Although plant diseases rarely cause direct damage to humans, ergot is a fungal disease caused by Claviceps purpurea that can poison both people and animals if consumed, resulting in a condition called ergotism.
There are two sets of symptoms that can appear in cases when ergot poisoning occurs: gangrenous and convulsive.
Gangrenous ergotism can cause the infected individual to lose extremities due to decreased blood flow, while convulsive ergotism affects the nervous system causing symptoms like tremors, delusions, convulsing seizures, hallucinations and violent muscle spasms.
The symptoms of convulsive ergotism have been recognized as the possible cause or influence of certain historical events, including the infamous Salem Witch Trials that occurred in 1692 in Salem, Massachusetts.
In 1976, behavioral psychologist Linnda Caporael proposed just that arguing that it is very well possible ergot poisoning was the catalyst behind this bizarre chapter of history.
The disease grows on rye and other small grains and favors severely cold winters, followed by a wet spring. Caporael found from recorded weather patterns during that time period that the growing conditions were ideal for ergot to spread on rye, a staple grain of Salemites.

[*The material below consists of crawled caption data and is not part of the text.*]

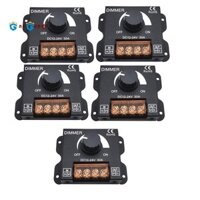5 Chiếc DC 12V 24V LED Dimmer Switch 30A Bộ Điều Chỉnh Điện Áp Có Thể Điều Chỉnh Bộ Điều Khiển Cho Dải LED Ánh Sáng Làm Mờ Thay Thế Các Bộ Phận Dự Phòng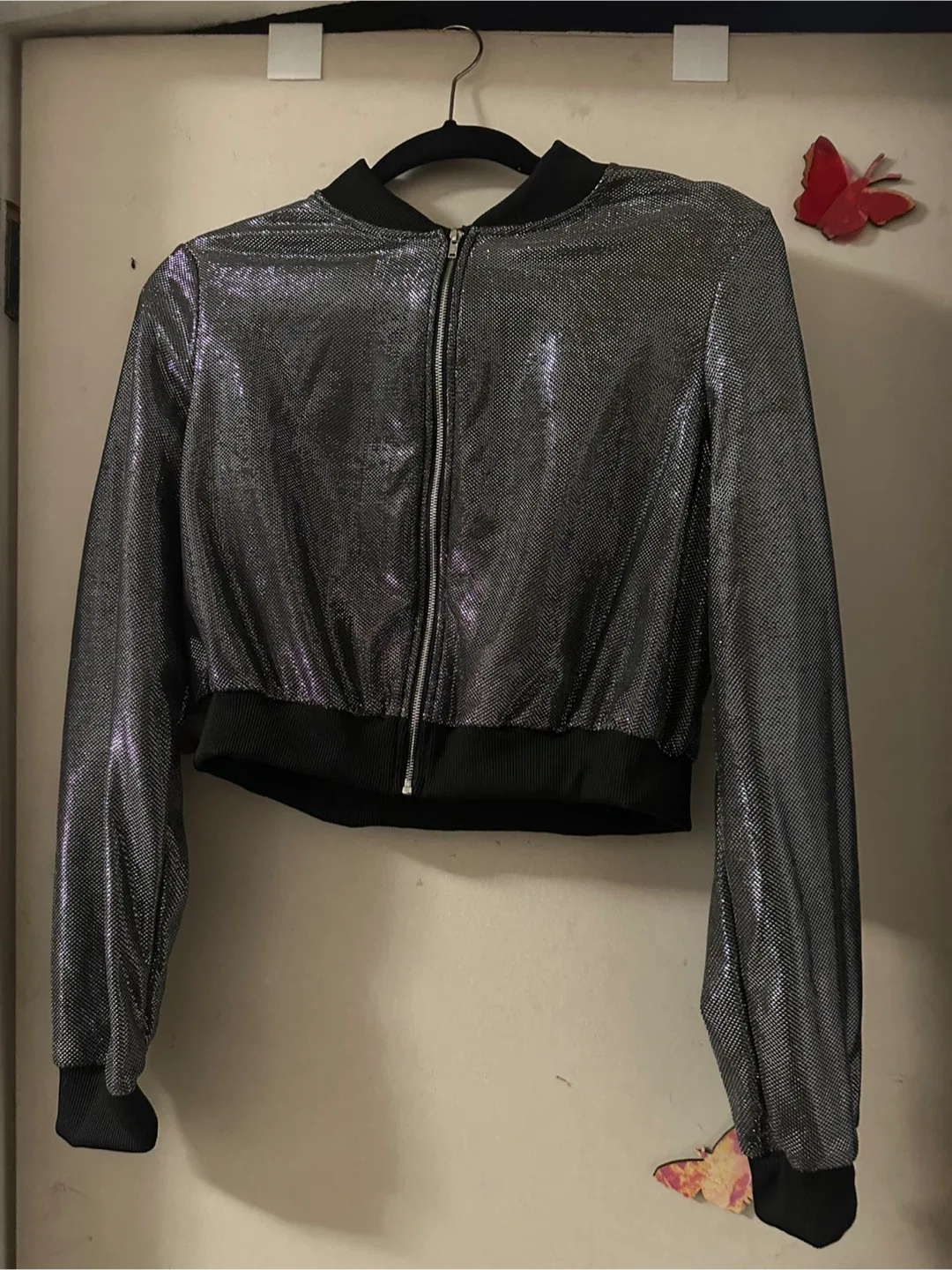 Silver Bomber Jacket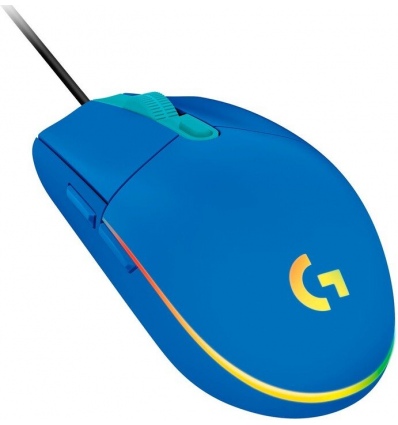 Logitech G102 Lightsync/Herní/Optická/8 000 DPI/Drátová USB/Modrá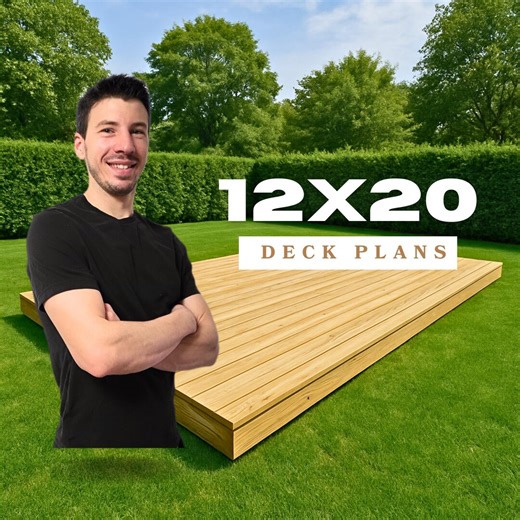 Deck Plans 12x20 - Etsy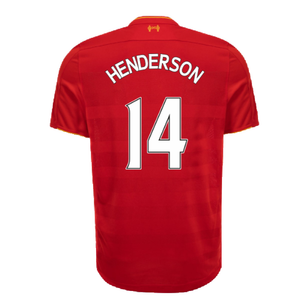 Liverpool 2016-17 Home Shirt (Very Good) (Henderson 14)_1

The discolored sclerotia of the fungus was often mistaken for large, discolored grains of rye so the villagers didn’t think anything about grinding up the fungus and putting it in their bread.
Another detail Caporael discovered was that nearly all of the accusers lived in the western section of the village, which was a swampy meadow region that would have been prime breeding ground for the fungus.
As the Salem area entered a drought, the accusations ceased as well, which caused Caporael to hypothesize that ergot poisoning had been the driving factor for the trials once the ‘bewitchments’ discontinued around the same time as the drought.
Still considered a fringe theory by historians, as it is impossible to definitely prove that the bread was tainted, ergot poisoning serves as an interesting explanation for the initial cause for the afflicted girls’ behavior.
Instead of it being simply based on social-political motives, or the boredom of teenage girls, Caporael suggests that the medical explanation of convulsive ergotism served as an agitator for the following fervor and mass hysteria.